Then that’s fine, I guess.

Just be aware that there is a non-insignificant level of trust involved.

And about your data being encrypted so Facebook can’t read it… well… I wouldn’t put too much stock on it until they’re no longer an ad network.

Edge processing can be privacy-enhancing, but it is not privacy guaranteeing.

Metadata can be more revealing than data.

Let me give you just five data points. Suppose you’re processing all my data on device, yet you know…

  • I am online usually in the Berlin time zone,
  • Which IP addresses my connections come from,
  • That I got served ads that skew towards movies and anime,
  • That I click on ads about cat food every 3-4 weeks,
  • That I never click on ads about nearby KFCs.

I expect we’re all seeing a profile emerge. You do not need to have a full log of someone’s conversations to build a profile, and get a picture of how to sell them a president (or sell them on not voting).

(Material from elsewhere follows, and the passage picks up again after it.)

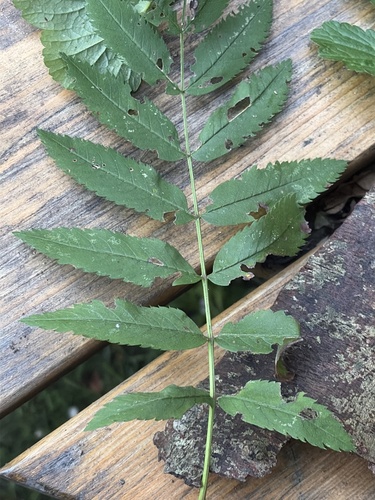 European mountain ash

(You know, hypothetically)

In this scenario, you wouldn’t even need to get the identity facts about someone, as long as you can learn everything about their identity characteristics.

This is, I believe, something for which we need technological solutions.

Make it better

If there are any lawyers in the audience, I can imagine them rolling their eyes and going “bloody programmers and technology being a solution for everything…”, but frankly, I don’t think we are going to be able to legislate or regulate our way out of this.

We already have regulation. We even use it.

It has had no effect as a deterrent.

On April 24th, Facebook announced that they expected to be fined between 3 and 5 billion dollars by the Federal Trade Commission over privacy issues.

That’s a record breaking fine.

And it had worse than zero effect.

Not only it didn’t have a negative effect, but their stock price shot up, increasing Facebook’s capitalization by $40 Billion.

The FTC may as well have given them a license for privacy invasion.

So we can add regulation to the list of things that aren’t going to help.

  • Regulation and fines aren’t going to get us out of this mess;
  • People won’t leave because of scandals or screw-ups (or they’d have done it already); and more importantly
  • People won’t switch because your solution is more ethical - we already have those, and people don’t use them.

Keep that in mind if you are working on identity. For users to switch, not only your solution needs to be better, but it needs to give users a good reason: it needs to enable them to do something that they couldn’t do before.

Because identity is sticky. This stickiness manifests in the fear of losing their friends, losing their connections, losing the small trickle of updates about who is dating whom or how the grandchildren are doing.

It is also a fear of impermanence. People have become so used to handing all this information out to third parties, to this being easier than keeping it safe themselves, that they worry about what might happen if they choose a more ethical but smaller cloud service, and then this service goes away.

Self-sovereignty

On his book Who owns the future?, Jaron Lanier warns against your identity being locked into places like Facebook and Google.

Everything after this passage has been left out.